**DESCRIPTION OF THE TASK**:
In the records below, repeat exactly the lines between the line holding "2025-2026 Man City" and the line holding "1972 Chevrolet El", inclusive, and drop the pictures.

**PROVIDED DATA**:

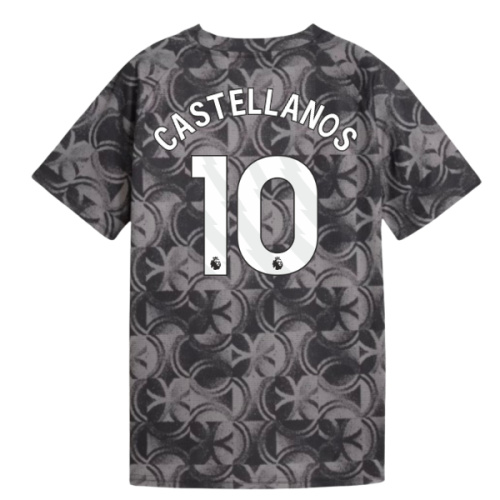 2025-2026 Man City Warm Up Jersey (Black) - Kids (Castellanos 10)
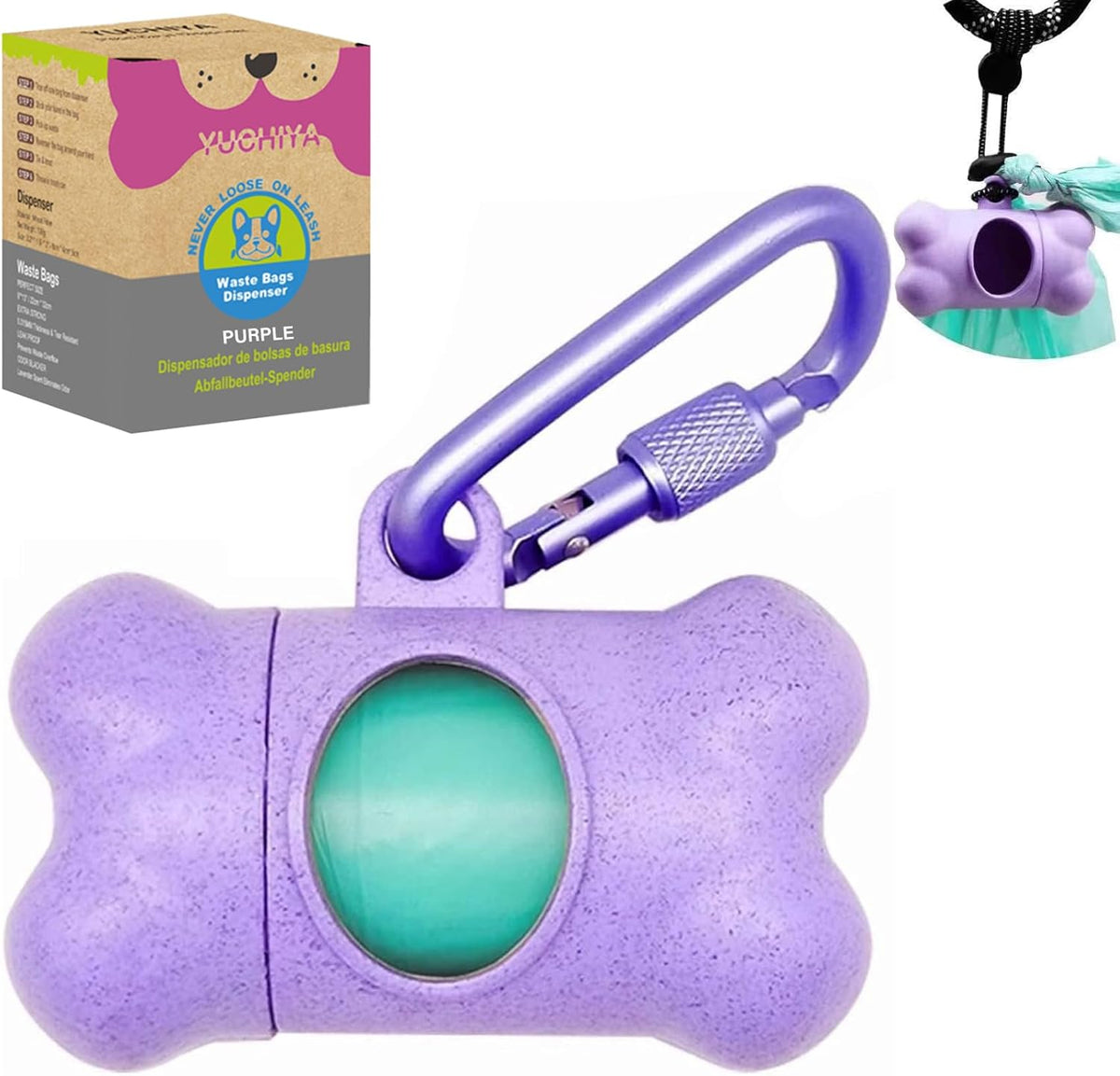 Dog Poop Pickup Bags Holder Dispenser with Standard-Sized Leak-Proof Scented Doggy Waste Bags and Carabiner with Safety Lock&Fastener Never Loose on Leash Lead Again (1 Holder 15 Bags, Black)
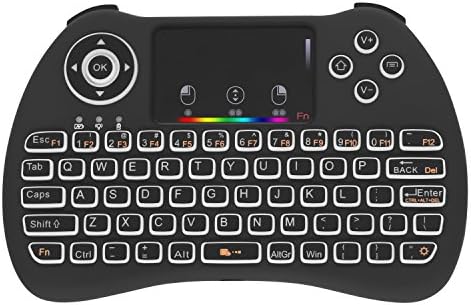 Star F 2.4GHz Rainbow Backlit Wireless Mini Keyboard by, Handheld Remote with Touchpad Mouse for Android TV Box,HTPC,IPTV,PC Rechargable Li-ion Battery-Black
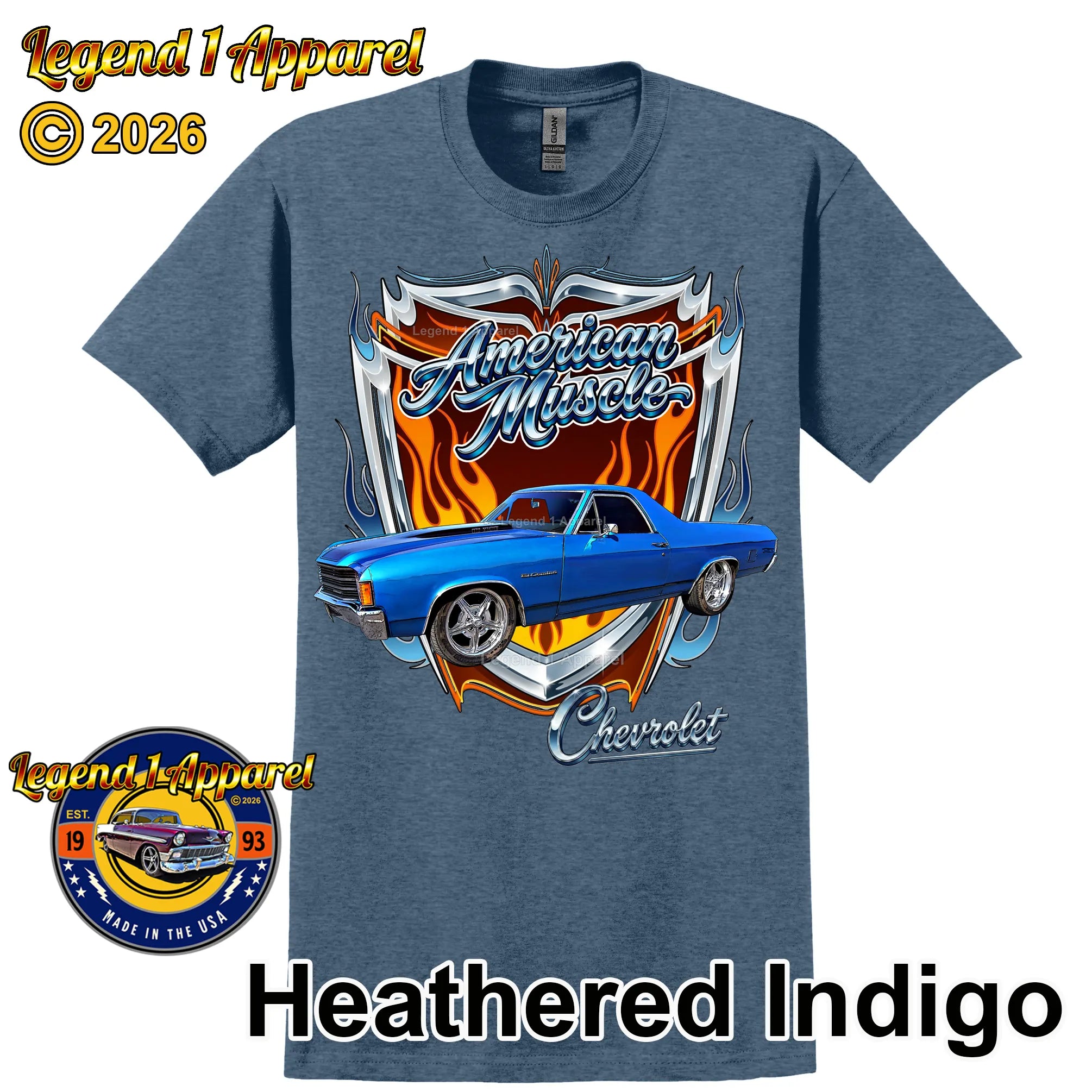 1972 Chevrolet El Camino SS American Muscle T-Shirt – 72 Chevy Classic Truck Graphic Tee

---

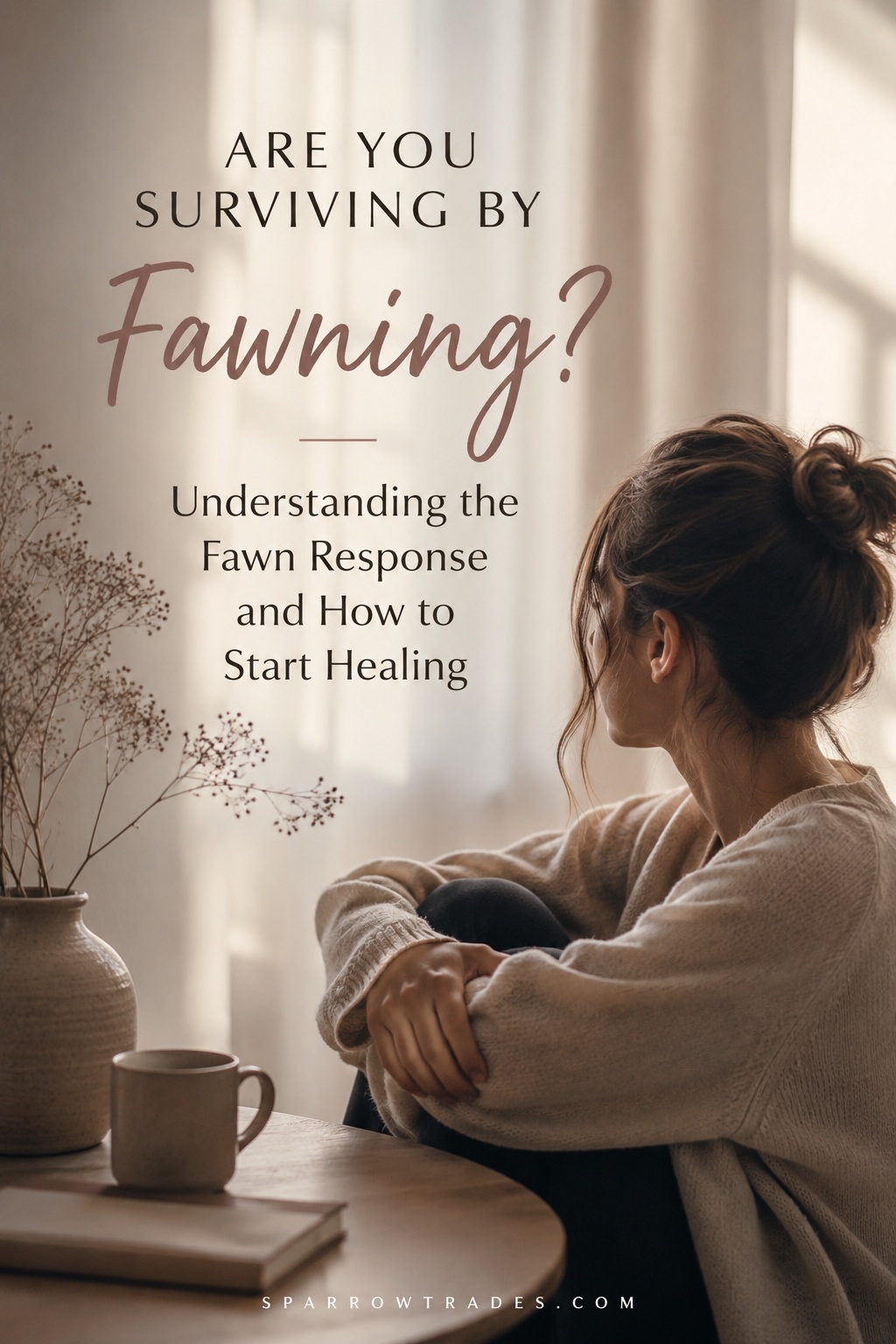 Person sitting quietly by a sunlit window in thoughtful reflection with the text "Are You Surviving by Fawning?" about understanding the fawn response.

**OUTPUT OF THE TASK**:
 2025-2026 Man City Warm Up Jersey (Black) - Kids (Castellanos 10)
 Dog Poop Pickup Bags Holder Dispenser with Standard-Sized Leak-Proof Scented Doggy Waste Bags and Carabiner with Safety Lock&Fastener Never Loose on Leash Lead Again (1 Holder 15 Bags, Black)
 Star F 2.4GHz Rainbow Backlit Wireless Mini Keyboard by, Handheld Remote with Touchpad Mouse for Android TV Box,HTPC,IPTV,PC Rechargable Li-ion Battery-Black
 1972 Chevrolet El Camino SS American Muscle T-Shirt – 72 Chevy Classic Truck Graphic Tee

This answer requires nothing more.